His Fitzgerald enterprise forward contracted 209 lambs including Dohne/Merino crossbreds that weighed an average of 23.97 kg to return $184.26 kg and win the Cooperative’s May 2021 Producer of the Month title with a premium score of 95.7 percent.
“Working with many local farmers firstly as employees and later as a mechanic, sharefarmer, super spreading contractor and provider of other rural services, gave this young man from a six-acre farm in Northern Ireland a rare insight to WA farming,” Francis said.
“We could see which enterprises were offering the best opportunities for our own farming ventures and copied what these farmers were doing. We realised early in the piece that Merino and crossbred sheep played a pivotal role in underwriting a farming strategy and followed the lead of neighbour Robert Young in trading and breeding to build a Merino-based flock. Sheep have always generated income for us, - on occasions helping to salvage decisions to go total cropping.”
Francis was one of many farm exchange students and backpackers from Europe, – and a host of farmers from South Australia – who came to this area in the early 1980’s.
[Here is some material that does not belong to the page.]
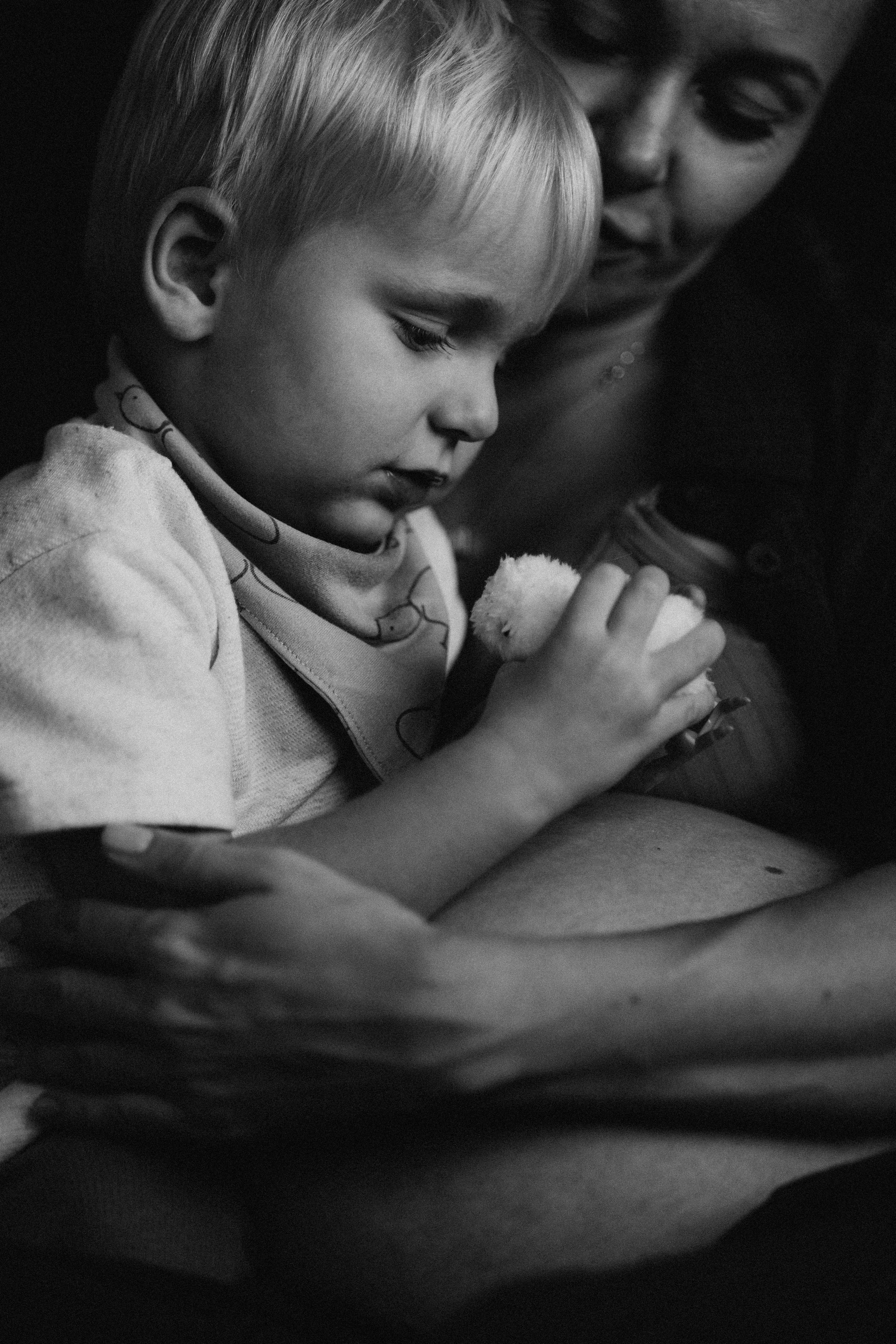 A espera do Felipe. Fotografa de família e crianças em Florianópolis SC Daria Ermolaev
He met his partner, Emma White soon after arriving in Fitzgerald and the two worked for individual farmers, and to develop farm service businesses, share farming, and ultimately a 2,300-hectare freehold base with another 1,000 hectares of leasehold – including a block at Cranbrook. Sons Fraser 21 and Harry 19, who are both qualified mechanics, return to help on the farm whenever possible.
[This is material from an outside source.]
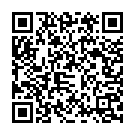 Rammo Rammo (From Bhuj The Pride Of India) Song - QR Code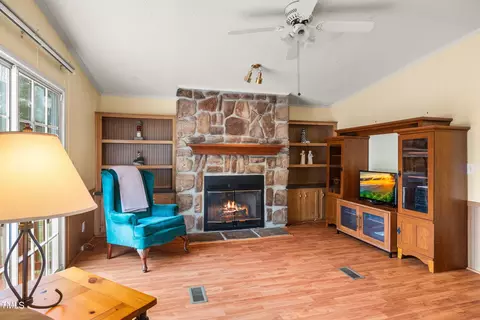 120 Kinton Dr, Willow Spring, NC 27592 photo 18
The couple fear that three consecutive adverse seasons – culminating with a government sponsored farm water scheme in 2020/21 – have further decimated the Fitzgerald area’s livestock industry. “Successful neighbours are reported to have sold off most of their flock because of an unmanageable shortage of feed and water,” Francis said. “Seasons have been particularly adverse over the past three years, causing many of us to reduce stock numbers – despite the welcome ongoing buoyancy of the lamb and sheep industry. Ironically, - as is the way with farming, - 2021/22 will probably be our best season ever,” Francis said. Unfortunately, wet years tend to increase our salt problems in this area, and frost has become a regular problem.”
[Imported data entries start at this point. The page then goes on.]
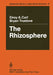 The Rhizosphere by Elroy A. Curl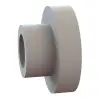 12SWS1029 thumb 0
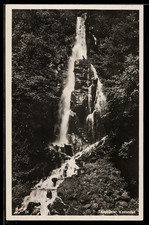 Trusetal, Trusentaler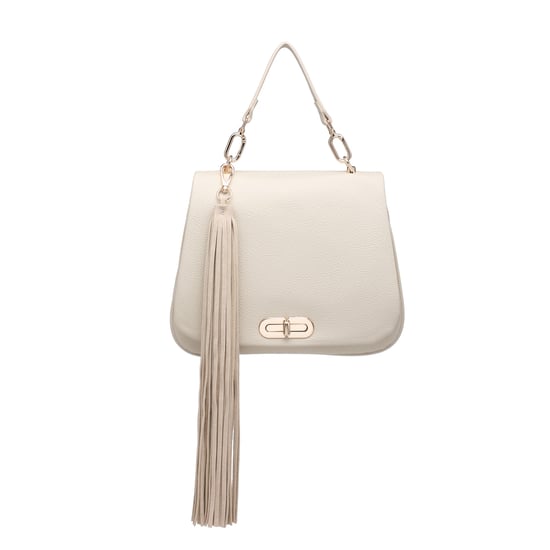 Kassandra Handtasche Women - Image 1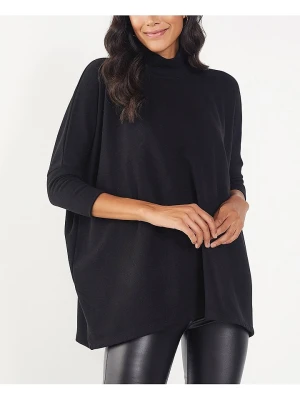 LA Angels Golf w kolorze czarnym rozmiar: XL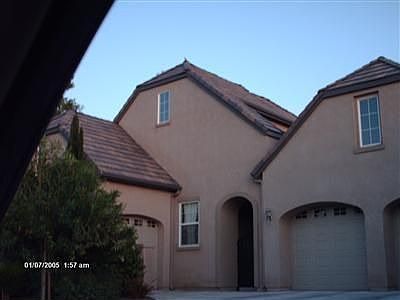 2nd image of 1699 E Wallington Ln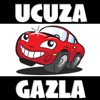 Ucuza Gazla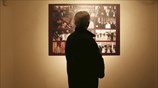 Εκδήλωση για το Γιώργο Γεωργιάδη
Silage and lick feeders are two successful outcomes from the recent tough times with the bonus of dams with catchments that were upgraded at the height of the three-year dry, now ready for a bumper season.
“Forty hectares of silage has also been a major contributor to our survival over the past two years.” Another decision two years ago to buy 500 Dohne ewes for a breeding nucleus is also showing pleasing results. “They are extremely easy care and have a wool value that is replacing crossbreds.”
Tambellup-based buyer Ken Sloan is tasked with supplying about 2,000 Merino ewe hoggets and store lambs a year from Katanning for a replacement and opportunity mating programme designed with mid-March lambing to deliver around 5,000 lambs to coincide with WAMMCO’s peak pricing schedules.
Caption: Emma and Francis with a draft of 500 Dohne/Suffolk cross lambs destined for WAMMCO Katanning at the end of June.